=== THE DATA ===
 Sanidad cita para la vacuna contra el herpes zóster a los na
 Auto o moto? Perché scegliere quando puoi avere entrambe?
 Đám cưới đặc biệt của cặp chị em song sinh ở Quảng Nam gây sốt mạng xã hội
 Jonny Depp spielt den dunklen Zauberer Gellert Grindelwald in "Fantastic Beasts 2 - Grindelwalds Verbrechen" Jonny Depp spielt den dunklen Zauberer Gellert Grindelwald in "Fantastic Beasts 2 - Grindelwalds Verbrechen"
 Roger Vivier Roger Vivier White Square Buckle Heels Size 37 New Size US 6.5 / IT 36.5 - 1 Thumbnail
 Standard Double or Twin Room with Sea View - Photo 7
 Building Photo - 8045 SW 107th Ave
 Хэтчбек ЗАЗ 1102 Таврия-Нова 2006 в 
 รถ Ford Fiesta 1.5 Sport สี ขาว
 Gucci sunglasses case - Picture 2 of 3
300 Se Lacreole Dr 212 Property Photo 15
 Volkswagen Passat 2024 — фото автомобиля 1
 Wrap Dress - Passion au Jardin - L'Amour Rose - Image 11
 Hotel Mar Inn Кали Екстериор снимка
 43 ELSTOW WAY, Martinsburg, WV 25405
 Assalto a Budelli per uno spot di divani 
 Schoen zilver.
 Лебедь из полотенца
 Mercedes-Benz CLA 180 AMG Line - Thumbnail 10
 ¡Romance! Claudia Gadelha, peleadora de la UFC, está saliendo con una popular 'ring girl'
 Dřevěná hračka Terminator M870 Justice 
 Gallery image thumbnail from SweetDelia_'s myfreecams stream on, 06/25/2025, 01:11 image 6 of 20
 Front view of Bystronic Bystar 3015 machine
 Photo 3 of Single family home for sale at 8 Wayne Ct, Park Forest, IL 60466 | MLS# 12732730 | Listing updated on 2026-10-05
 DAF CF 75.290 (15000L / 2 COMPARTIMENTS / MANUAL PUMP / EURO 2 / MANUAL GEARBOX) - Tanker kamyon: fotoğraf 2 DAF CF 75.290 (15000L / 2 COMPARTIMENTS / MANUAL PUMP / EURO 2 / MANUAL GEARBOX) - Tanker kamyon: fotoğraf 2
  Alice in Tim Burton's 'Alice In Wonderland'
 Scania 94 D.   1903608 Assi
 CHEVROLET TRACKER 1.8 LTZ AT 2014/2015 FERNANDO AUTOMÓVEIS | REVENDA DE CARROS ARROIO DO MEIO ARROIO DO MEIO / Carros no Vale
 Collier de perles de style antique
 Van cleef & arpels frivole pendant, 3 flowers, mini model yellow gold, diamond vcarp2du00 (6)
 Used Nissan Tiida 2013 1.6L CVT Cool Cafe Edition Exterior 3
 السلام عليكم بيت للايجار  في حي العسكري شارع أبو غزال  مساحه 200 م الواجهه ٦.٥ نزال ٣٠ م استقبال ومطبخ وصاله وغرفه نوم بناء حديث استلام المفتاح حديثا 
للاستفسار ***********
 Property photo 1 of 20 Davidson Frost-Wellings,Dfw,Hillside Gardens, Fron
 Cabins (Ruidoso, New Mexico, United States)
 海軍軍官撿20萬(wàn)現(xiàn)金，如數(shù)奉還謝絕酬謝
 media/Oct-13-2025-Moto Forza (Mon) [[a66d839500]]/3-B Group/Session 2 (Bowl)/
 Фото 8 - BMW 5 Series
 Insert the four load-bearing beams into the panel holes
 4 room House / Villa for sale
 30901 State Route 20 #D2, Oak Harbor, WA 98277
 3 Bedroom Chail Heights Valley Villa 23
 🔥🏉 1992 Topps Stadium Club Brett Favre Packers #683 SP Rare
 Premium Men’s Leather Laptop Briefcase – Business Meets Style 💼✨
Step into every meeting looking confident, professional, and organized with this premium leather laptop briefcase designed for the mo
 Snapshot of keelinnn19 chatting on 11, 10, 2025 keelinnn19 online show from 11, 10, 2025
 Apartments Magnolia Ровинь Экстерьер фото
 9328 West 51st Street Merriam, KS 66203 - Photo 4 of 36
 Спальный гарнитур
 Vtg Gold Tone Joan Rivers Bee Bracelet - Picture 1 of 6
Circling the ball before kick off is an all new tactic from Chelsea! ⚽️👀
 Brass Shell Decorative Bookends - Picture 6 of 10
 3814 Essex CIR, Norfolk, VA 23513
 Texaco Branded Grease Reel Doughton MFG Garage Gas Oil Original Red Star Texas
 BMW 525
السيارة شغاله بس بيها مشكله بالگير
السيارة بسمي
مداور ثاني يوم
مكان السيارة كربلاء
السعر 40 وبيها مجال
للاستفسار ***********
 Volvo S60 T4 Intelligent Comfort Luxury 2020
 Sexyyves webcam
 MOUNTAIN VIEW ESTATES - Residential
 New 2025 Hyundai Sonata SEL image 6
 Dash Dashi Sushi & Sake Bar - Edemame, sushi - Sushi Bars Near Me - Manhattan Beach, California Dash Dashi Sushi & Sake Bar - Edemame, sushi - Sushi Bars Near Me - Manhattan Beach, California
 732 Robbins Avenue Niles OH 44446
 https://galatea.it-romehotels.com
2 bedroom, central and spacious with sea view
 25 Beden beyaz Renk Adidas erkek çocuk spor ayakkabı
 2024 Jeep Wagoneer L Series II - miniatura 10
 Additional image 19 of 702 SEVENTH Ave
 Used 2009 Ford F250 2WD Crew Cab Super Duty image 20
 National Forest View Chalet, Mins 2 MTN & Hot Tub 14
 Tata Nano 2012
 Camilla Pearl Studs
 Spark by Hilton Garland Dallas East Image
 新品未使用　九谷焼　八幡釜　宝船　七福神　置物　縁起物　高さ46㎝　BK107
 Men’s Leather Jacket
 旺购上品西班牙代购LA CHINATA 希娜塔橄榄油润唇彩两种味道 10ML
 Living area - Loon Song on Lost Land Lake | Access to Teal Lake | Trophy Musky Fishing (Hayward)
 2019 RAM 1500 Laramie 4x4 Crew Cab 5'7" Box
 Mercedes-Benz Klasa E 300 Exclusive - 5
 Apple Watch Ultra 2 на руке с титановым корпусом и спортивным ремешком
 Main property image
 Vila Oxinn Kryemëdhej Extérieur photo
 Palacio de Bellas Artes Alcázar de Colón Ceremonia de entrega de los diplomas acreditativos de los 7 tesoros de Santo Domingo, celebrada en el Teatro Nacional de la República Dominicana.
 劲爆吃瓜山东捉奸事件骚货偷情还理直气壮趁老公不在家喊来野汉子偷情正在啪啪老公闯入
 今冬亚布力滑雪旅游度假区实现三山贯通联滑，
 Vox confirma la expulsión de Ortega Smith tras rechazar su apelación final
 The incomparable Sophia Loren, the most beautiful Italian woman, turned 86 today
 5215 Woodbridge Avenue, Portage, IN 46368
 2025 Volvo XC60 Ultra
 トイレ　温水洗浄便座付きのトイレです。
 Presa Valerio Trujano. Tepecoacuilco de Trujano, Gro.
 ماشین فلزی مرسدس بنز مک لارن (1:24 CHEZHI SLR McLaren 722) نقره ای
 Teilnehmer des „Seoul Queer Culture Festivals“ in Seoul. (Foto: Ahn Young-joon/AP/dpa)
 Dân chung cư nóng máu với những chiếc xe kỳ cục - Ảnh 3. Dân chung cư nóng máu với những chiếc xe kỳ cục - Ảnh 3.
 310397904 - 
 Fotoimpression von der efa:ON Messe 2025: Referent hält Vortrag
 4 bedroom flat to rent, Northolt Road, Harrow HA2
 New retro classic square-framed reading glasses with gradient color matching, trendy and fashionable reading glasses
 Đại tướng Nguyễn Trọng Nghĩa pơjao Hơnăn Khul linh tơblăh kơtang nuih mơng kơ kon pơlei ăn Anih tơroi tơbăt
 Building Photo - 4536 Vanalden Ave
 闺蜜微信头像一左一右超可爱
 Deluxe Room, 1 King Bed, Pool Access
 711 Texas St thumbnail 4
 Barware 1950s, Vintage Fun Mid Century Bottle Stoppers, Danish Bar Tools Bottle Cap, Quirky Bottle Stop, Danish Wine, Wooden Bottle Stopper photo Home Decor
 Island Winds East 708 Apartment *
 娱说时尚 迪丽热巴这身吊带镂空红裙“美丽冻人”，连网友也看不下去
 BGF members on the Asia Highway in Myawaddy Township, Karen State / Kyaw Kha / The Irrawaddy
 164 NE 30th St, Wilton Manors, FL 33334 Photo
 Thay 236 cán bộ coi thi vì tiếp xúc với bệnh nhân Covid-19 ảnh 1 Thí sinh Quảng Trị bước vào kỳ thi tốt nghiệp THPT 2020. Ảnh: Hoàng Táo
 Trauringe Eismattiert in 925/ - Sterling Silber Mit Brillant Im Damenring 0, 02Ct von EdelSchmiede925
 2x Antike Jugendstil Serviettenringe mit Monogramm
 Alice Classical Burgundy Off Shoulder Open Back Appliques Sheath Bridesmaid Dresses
===
(HOW TO COMPLETE THIS TASK): Print again the lines of the entries above that fall between the line holding "Used 2009 Ford" and the line holding "Deluxe Room, 1 King Bed, Pool Access", inclusive, exactly as they stand.

(EXERCISE OUTPUT):
 Used 2009 Ford F250 2WD Crew Cab Super Duty image 20
 National Forest View Chalet, Mins 2 MTN & Hot Tub 14
 Tata Nano 2012
 Camilla Pearl Studs
 Spark by Hilton Garland Dallas East Image
 新品未使用　九谷焼　八幡釜　宝船　七福神　置物　縁起物　高さ46㎝　BK107
 Men’s Leather Jacket
 旺购上品西班牙代购LA CHINATA 希娜塔橄榄油润唇彩两种味道 10ML
 Living area - Loon Song on Lost Land Lake | Access to Teal Lake | Trophy Musky Fishing (Hayward)
 2019 RAM 1500 Laramie 4x4 Crew Cab 5'7" Box
 Mercedes-Benz Klasa E 300 Exclusive - 5
 Apple Watch Ultra 2 на руке с титановым корпусом и спортивным ремешком
 Main property image
 Vila Oxinn Kryemëdhej Extérieur photo
 Palacio de Bellas Artes Alcázar de Colón Ceremonia de entrega de los diplomas acreditativos de los 7 tesoros de Santo Domingo, celebrada en el Teatro Nacional de la República Dominicana.
 劲爆吃瓜山东捉奸事件骚货偷情还理直气壮趁老公不在家喊来野汉子偷情正在啪啪老公闯入
 今冬亚布力滑雪旅游度假区实现三山贯通联滑，
 Vox confirma la expulsión de Ortega Smith tras rechazar su apelación final
 The incomparable Sophia Loren, the most beautiful Italian woman, turned 86 today
 5215 Woodbridge Avenue, Portage, IN 46368
 2025 Volvo XC60 Ultra
 トイレ　温水洗浄便座付きのトイレです。
 Presa Valerio Trujano. Tepecoacuilco de Trujano, Gro.
 ماشین فلزی مرسدس بنز مک لارن (1:24 CHEZHI SLR McLaren 722) نقره ای
 Teilnehmer des „Seoul Queer Culture Festivals“ in Seoul. (Foto: Ahn Young-joon/AP/dpa)
 Dân chung cư nóng máu với những chiếc xe kỳ cục - Ảnh 3. Dân chung cư nóng máu với những chiếc xe kỳ cục - Ảnh 3.
 310397904 - 
 Fotoimpression von der efa:ON Messe 2025: Referent hält Vortrag
 4 bedroom flat to rent, Northolt Road, Harrow HA2
 New retro classic square-framed reading glasses with gradient color matching, trendy and fashionable reading glasses
 Đại tướng Nguyễn Trọng Nghĩa pơjao Hơnăn Khul linh tơblăh kơtang nuih mơng kơ kon pơlei ăn Anih tơroi tơbăt
 Building Photo - 4536 Vanalden Ave
 闺蜜微信头像一左一右超可爱
 Deluxe Room, 1 King Bed, Pool Access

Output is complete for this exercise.